*Extracted entries*
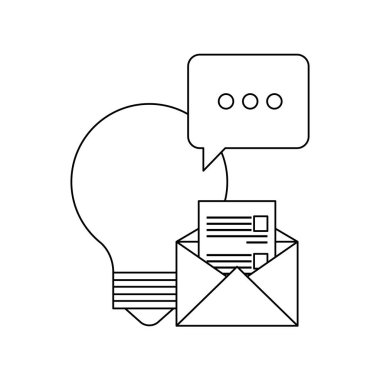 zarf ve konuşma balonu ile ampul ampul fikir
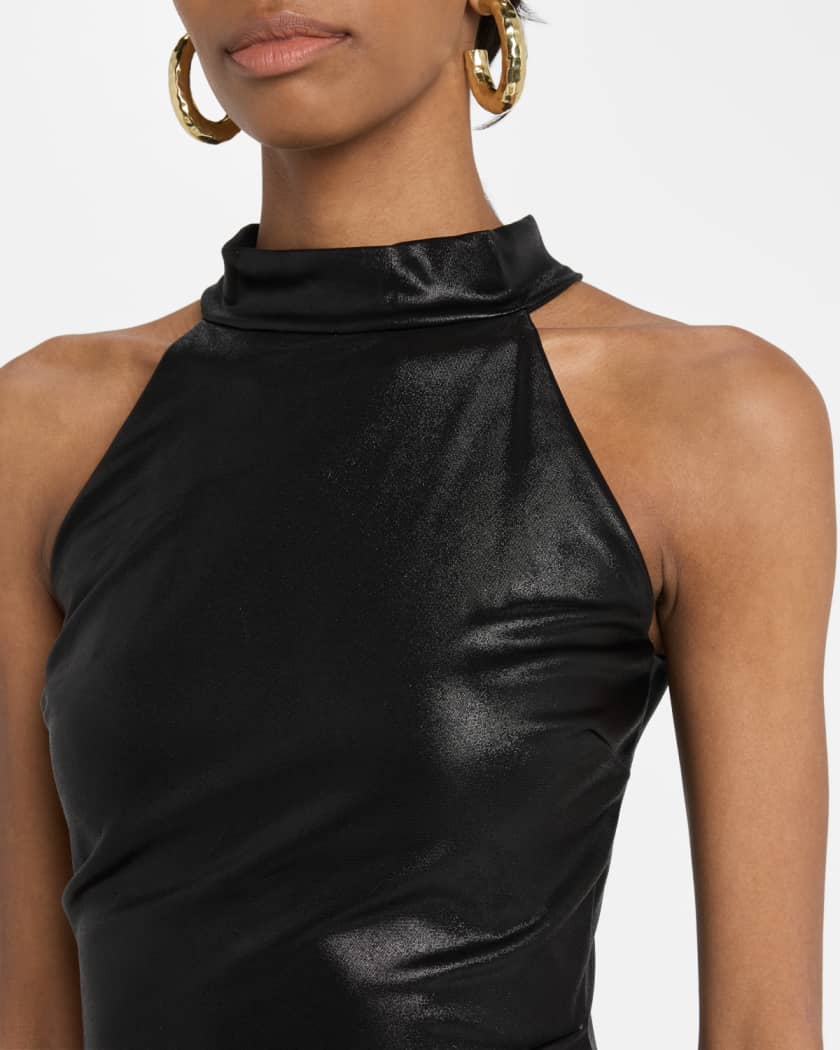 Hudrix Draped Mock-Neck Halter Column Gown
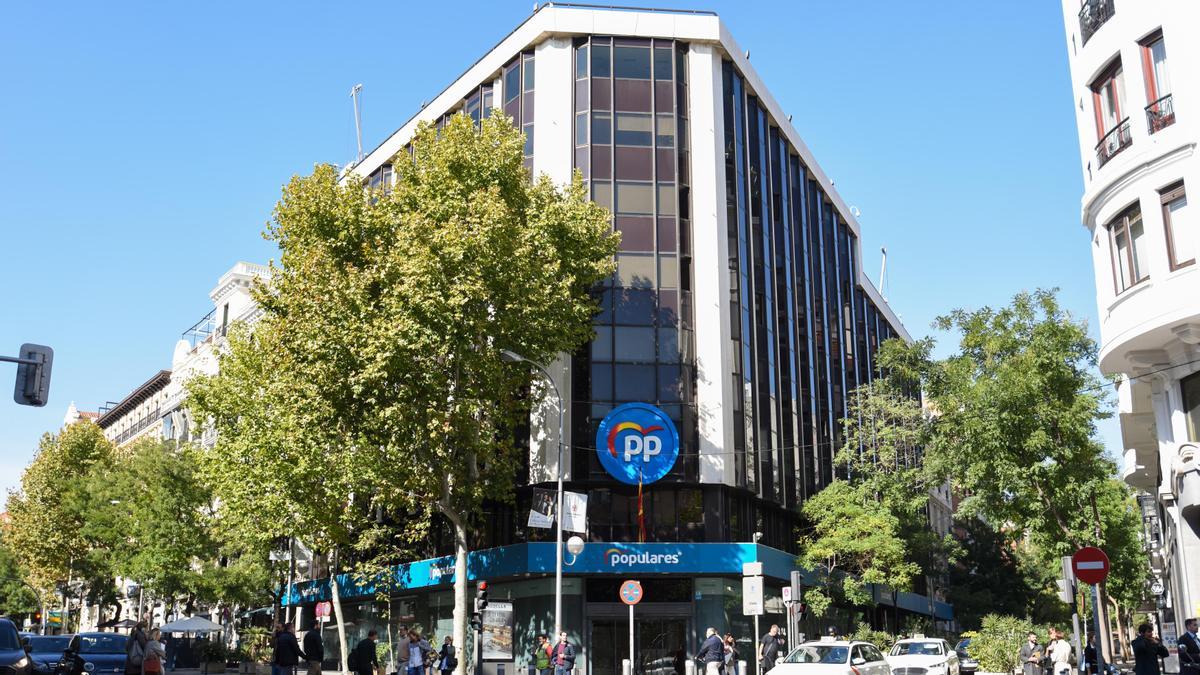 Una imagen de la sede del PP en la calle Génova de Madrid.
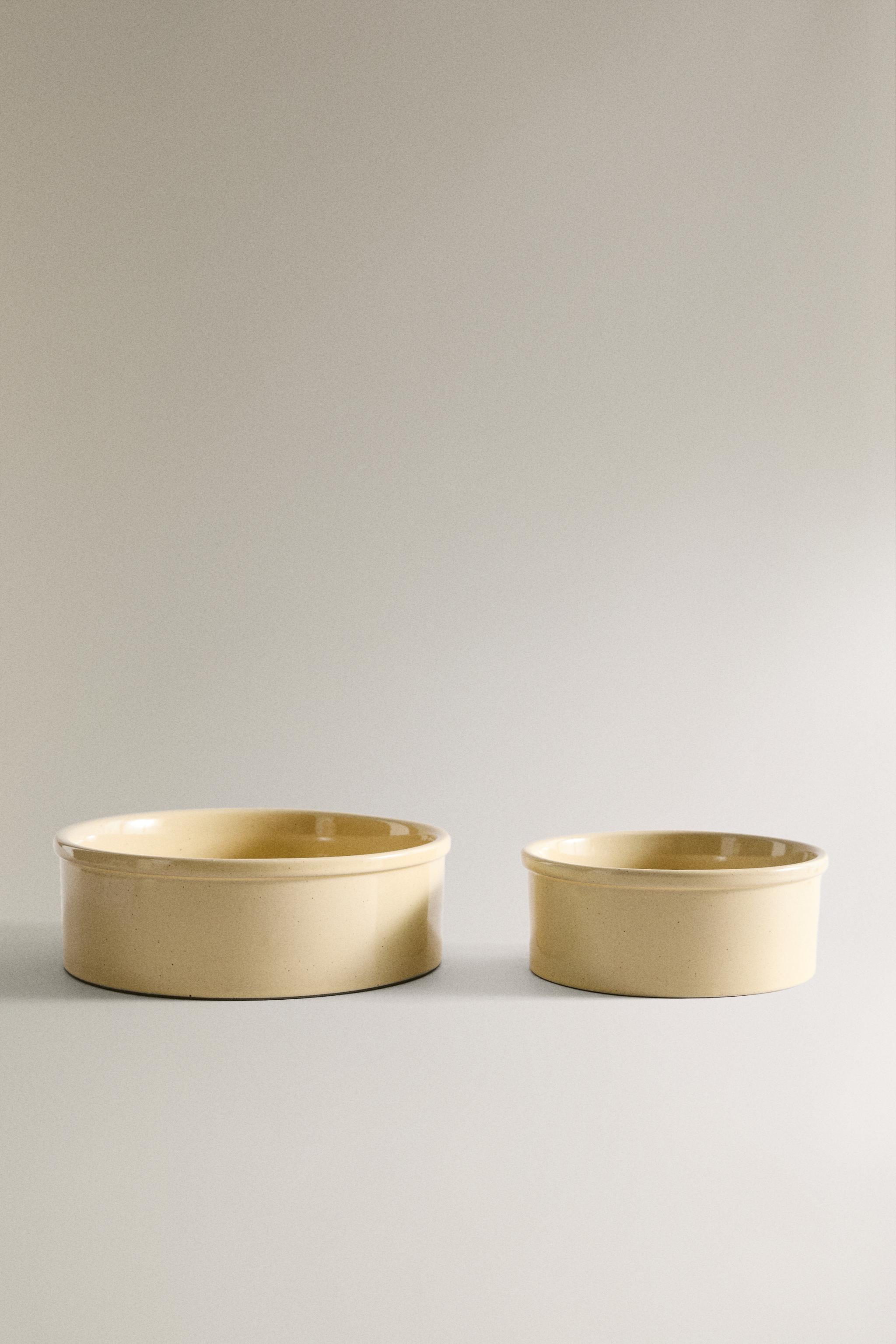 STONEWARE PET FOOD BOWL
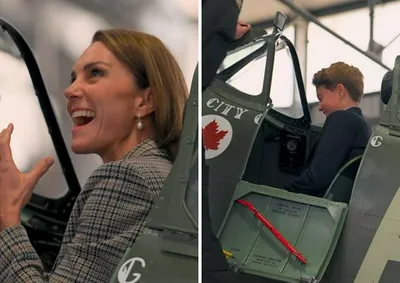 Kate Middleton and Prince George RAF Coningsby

*Task description*
Copy all of the records verbatim, omitting the pictures.

*Exercise output*
 zarf ve konuşma balonu ile ampul ampul fikir
 Hudrix Draped Mock-Neck Halter Column Gown
 Una imagen de la sede del PP en la calle Génova de Madrid.
 STONEWARE PET FOOD BOWL
 Kate Middleton and Prince George RAF Coningsby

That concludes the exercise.